April 15, 2024

Batched Processing in RxJS

When you have a ton of data that all needs to be processed, reactive programming makes the implementation easy to read, terse to write, and efficient to run. But when the data isn’t all needed, and processing the full stream is prohibitively expensive, more esoteric methods are necessary.

Context

Say you have an array or stream of image files. You want to send them off to a service that runs image recognition, to identify pictures with cats in them. You want specifically the first four pictures with cats. Not just any four pictures with cats: perhaps the source array is already sorted by timestamp and you want the most recent four cat pictures.

Stream processing, asynchronous actions… This sounds like a job for reactive programming! However, you have a couple of unique concerns:

  • The image recognition API is expensive to call. You don’t want to be charged for unnecessary requests.
  • The image recognition API takes a long time for each file. You want to parallelize your processing, if possible.

Even with those considerations, you’re pretty sure some creative pipelines will do the trick. You bust out your RxJS library and get started.

Concatenation

Calling an asynchronous API for each item in an observable stream is a classic use case for one of the *Map operators. Every operator in that family will create a new stream for each item in the source stream, then collapse the outputs into a single stream to pass down the pipeline.

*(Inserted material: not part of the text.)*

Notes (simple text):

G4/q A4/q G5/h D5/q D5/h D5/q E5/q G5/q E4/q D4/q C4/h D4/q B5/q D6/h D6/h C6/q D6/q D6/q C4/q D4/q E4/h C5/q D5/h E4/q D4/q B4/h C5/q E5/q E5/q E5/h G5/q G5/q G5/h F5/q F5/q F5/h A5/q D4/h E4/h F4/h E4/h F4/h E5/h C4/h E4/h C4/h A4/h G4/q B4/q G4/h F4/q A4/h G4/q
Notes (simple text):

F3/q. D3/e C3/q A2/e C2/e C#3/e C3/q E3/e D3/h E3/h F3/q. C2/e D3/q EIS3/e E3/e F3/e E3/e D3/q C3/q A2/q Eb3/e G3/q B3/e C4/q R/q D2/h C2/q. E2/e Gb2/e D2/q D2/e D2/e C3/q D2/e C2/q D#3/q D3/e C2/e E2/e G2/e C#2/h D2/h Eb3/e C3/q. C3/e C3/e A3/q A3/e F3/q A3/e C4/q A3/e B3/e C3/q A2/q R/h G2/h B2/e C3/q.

Some of the map operators are clearly inappropriate:

  • switchMap drops old streams as soon as new source data comes in. We don’t want to lose any responses from the API.
  • exhaustMap ignores the source data stream while it waits for each created stream to complete. We want to check every image until we have four cats.

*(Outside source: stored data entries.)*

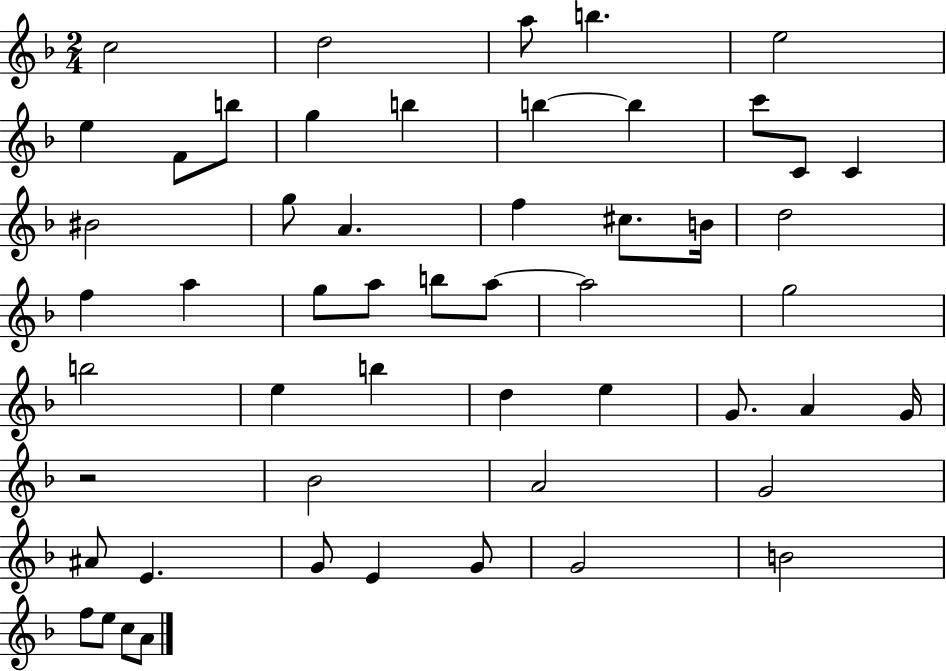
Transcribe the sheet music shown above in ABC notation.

X:1
T:Untitled
M:2/4
L:1/4
K:F
c2 d2 a/2 b e2 e F/2 b/2 g b b b c'/2 C/2 C ^B2 g/2 A f ^c/2 B/4 d2 f a g/2 a/2 b/2 a/2 a2 g2 b2 e b d e G/2 A G/4 z2 _B2 A2 G2 ^A/2 E G/2 E G/2 G2 B2 f/2 e/2 c/2 A/2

We really just want concatenation of our API calls, so concatMap seems like a good choice. Our pipeline would look something like:

sourceImages$.pipe(
    concatMap(identifyImage),
    filter(isCatImage),
    take(4)
).subscribe(sendToMyPhone);

It’s a clean pipeline! But in practice, this implementation processes the source images serially. Each API call must be returned before the next image is sent off. For a slow API, such serial processing is undesirable.

visualization of serial pipeline processing
The top pipeline represents queries sent to the API. The number on each data point is the number of queries happening in parallel. The bottom pipeline contains the four images identified as cats, emitted at the time they were identified.

Merging

We’ve got a fourth member of the *Map family: mergeMap. On the surface, it looks like precisely the operator we need. It creates child streams and merges them into the output stream as soon as input data arrives.

Implementing it yields nearly identical pipeline code:

sourceImages$.pipe(
    mergeMap(identifyImage),
    filter(isCatImage),
    take(4)
).subscribe(sendToMyPhone);

Testing it out yields a result worse than we started with: the order of the source images is no longer preserved. We start seeing cat pictures from decades ago, simply because they happened to be the first ones returned by the API.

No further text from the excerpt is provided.